THE PROBLEM: Reproduce verbatim the lines of the material below, starting at the line with "12개월로 나눠 산입했다." and ending at the line with "The Limit of", both inclusive; skip the rest.

DATA FOR PROCESSING:
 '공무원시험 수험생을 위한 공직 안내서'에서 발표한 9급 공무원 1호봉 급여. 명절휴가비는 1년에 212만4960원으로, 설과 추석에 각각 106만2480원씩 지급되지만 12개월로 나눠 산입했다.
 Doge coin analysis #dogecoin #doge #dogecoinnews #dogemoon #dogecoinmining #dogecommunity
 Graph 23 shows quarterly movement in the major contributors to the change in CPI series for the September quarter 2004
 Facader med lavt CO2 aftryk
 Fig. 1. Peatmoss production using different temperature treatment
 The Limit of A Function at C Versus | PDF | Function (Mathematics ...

==

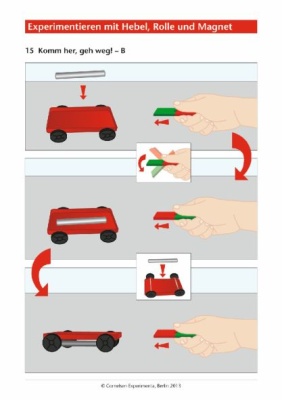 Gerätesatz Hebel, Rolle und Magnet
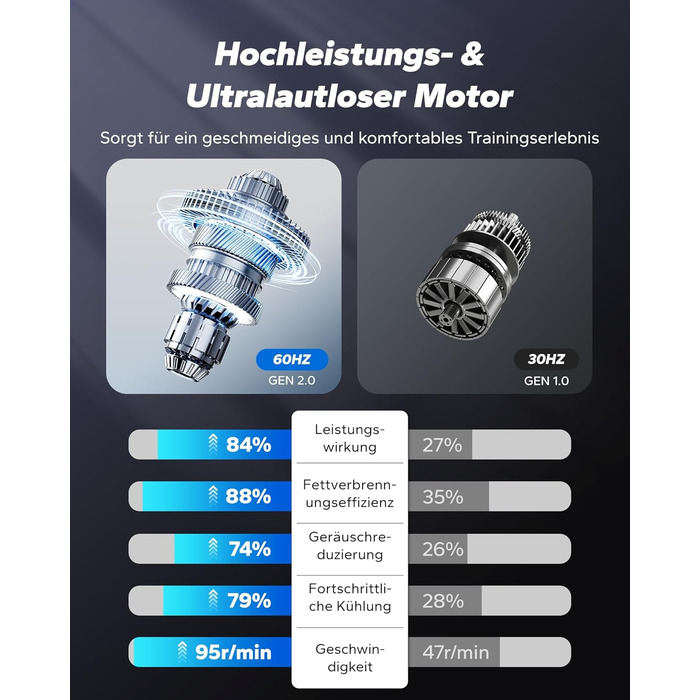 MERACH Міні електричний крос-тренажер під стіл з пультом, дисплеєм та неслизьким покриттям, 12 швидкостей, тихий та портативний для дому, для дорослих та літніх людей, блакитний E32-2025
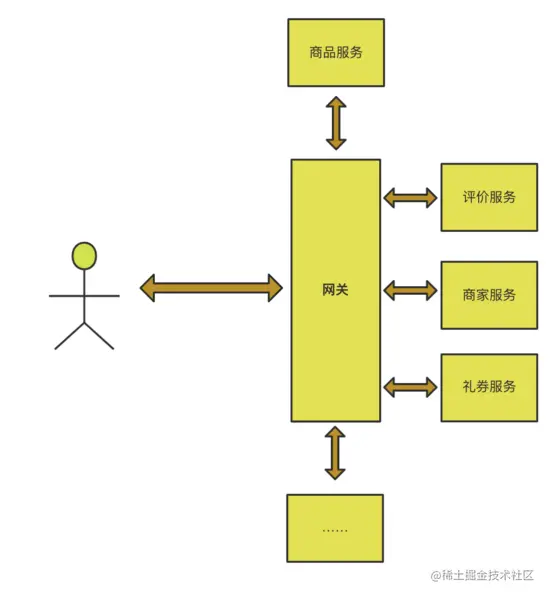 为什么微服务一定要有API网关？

REPLY:
 '공무원시험 수험생을 위한 공직 안내서'에서 발표한 9급 공무원 1호봉 급여. 명절휴가비는 1년에 212만4960원으로, 설과 추석에 각각 106만2480원씩 지급되지만 12개월로 나눠 산입했다.
 Doge coin analysis #dogecoin #doge #dogecoinnews #dogemoon #dogecoinmining #dogecommunity
 Graph 23 shows quarterly movement in the major contributors to the change in CPI series for the September quarter 2004
 Facader med lavt CO2 aftryk
 Fig. 1. Peatmoss production using different temperature treatment
 The Limit of A Function at C Versus | PDF | Function (Mathematics ...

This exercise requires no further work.